Data extracts =
========
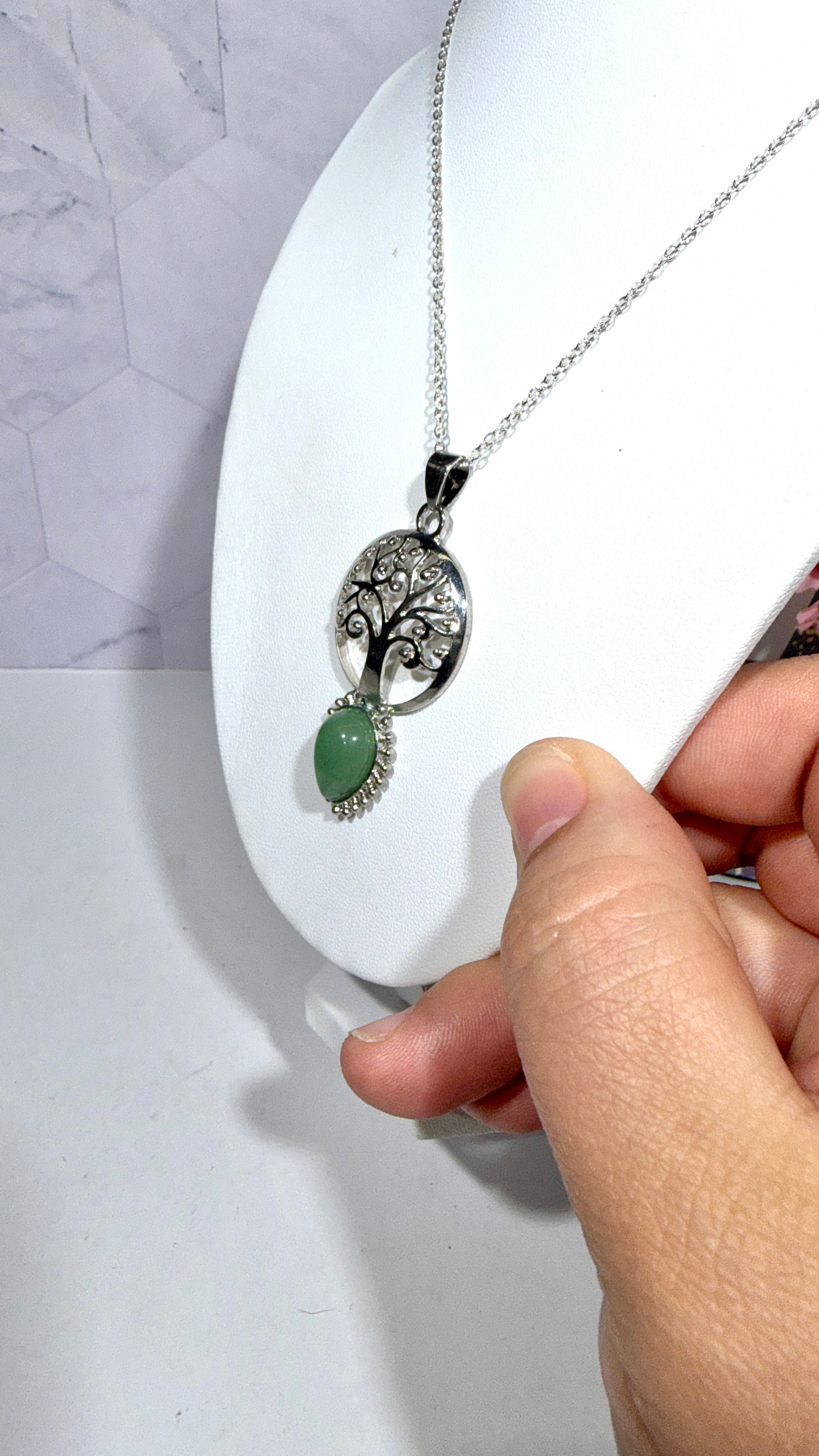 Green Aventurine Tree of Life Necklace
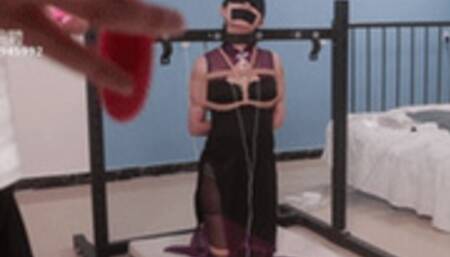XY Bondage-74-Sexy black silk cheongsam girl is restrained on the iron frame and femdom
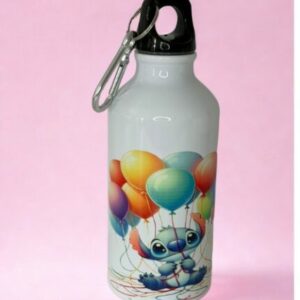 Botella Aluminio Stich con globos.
========
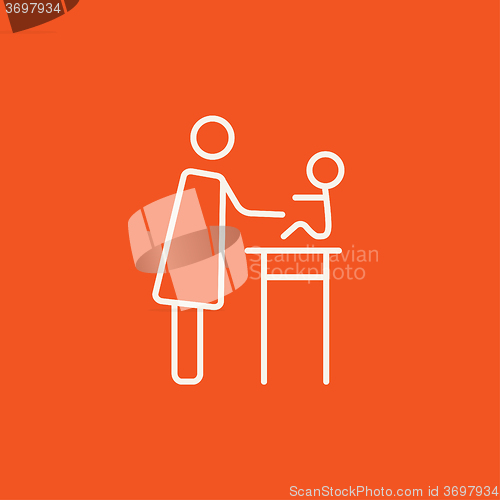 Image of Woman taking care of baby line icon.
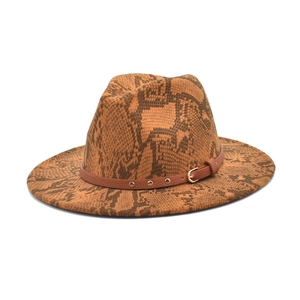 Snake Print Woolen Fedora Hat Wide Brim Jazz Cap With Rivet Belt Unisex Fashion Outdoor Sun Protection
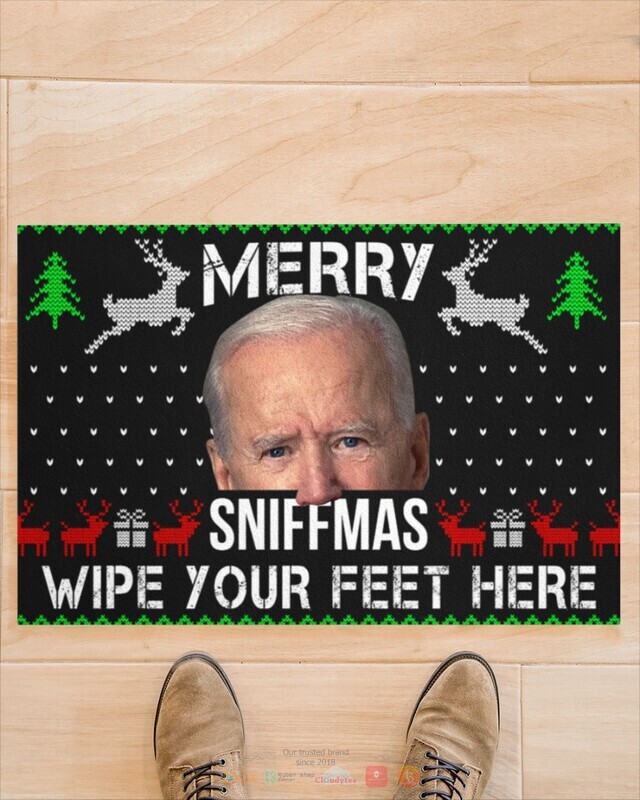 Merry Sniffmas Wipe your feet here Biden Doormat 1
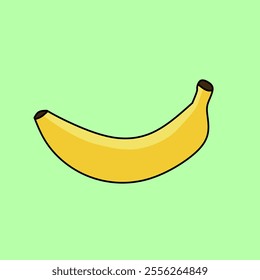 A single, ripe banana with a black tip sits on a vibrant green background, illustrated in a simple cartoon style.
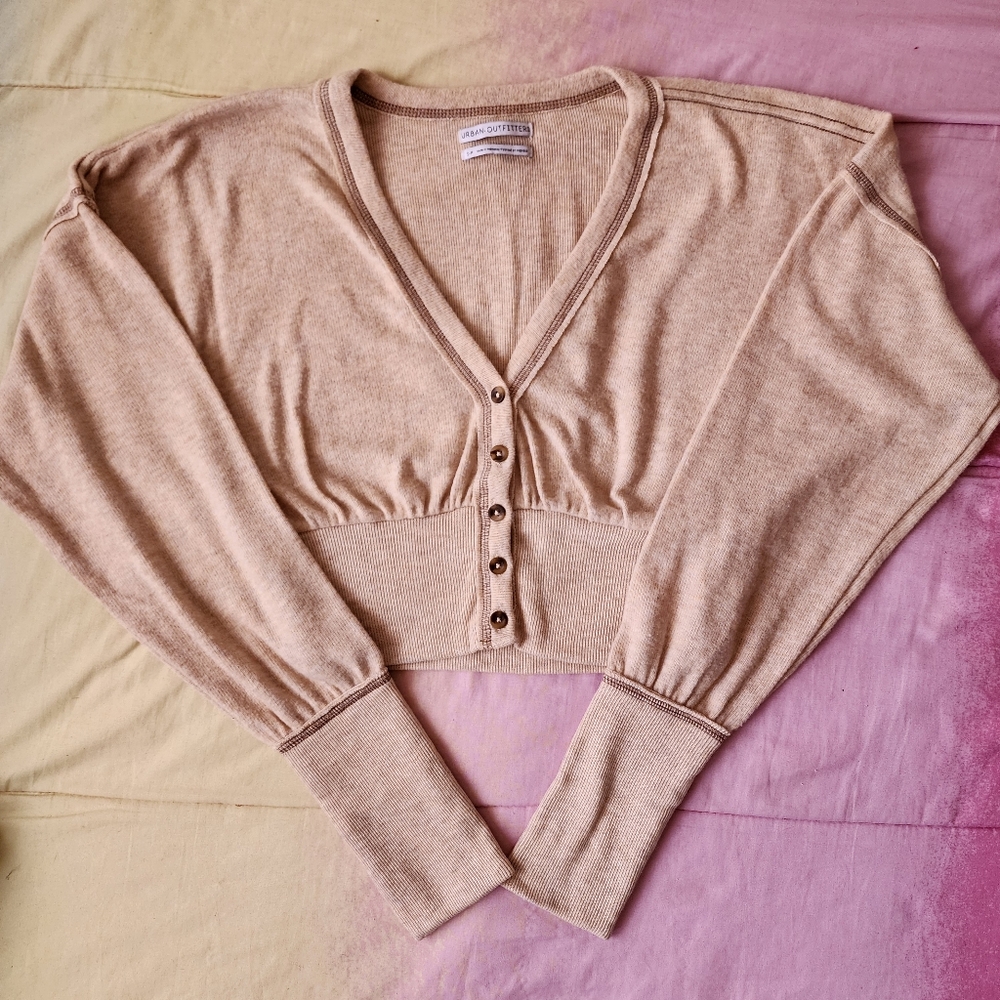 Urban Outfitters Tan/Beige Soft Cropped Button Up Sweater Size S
========
Exercise = In the listing above, find the line containing "A single, ripe" and the line containing "Urban Outfitters Tan/Beige", then print exactly those two lines and every line between them, minus the pictures.

Exercise output =
 A single, ripe banana with a black tip sits on a vibrant green background, illustrated in a simple cartoon style.
 Urban Outfitters Tan/Beige Soft Cropped Button Up Sweater Size S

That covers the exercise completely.